- _RAW DATA_
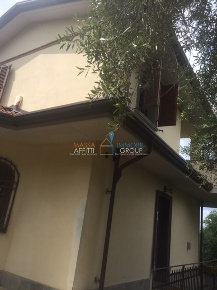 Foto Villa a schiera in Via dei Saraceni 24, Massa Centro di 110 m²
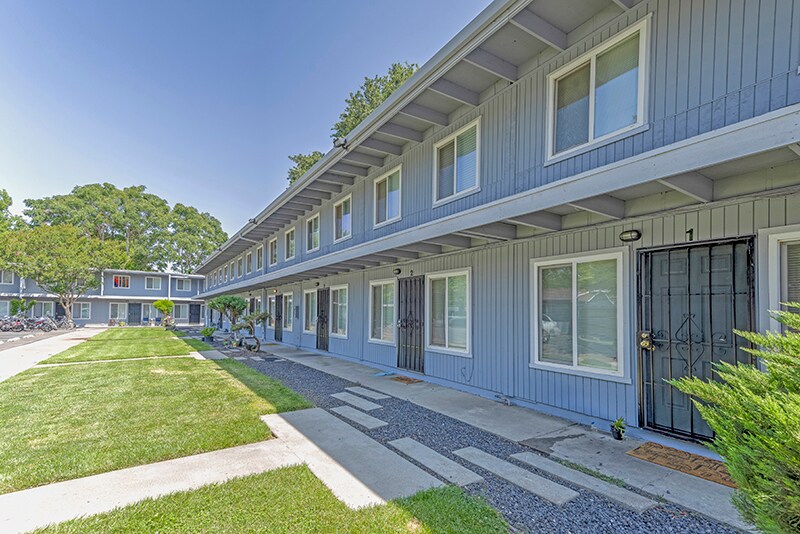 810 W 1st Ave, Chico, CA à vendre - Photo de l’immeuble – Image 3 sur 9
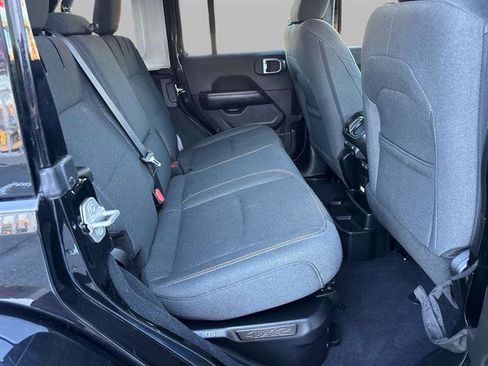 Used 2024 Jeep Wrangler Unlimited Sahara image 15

- _PROBLEM TO WORK ON_
Without the pictures, write out the whole listing exactly as it appears.

- _EXERCISE SOLUTION_
 Foto Villa a schiera in Via dei Saraceni 24, Massa Centro di 110 m²
 810 W 1st Ave, Chico, CA à vendre - Photo de l’immeuble – Image 3 sur 9
 Used 2024 Jeep Wrangler Unlimited Sahara image 15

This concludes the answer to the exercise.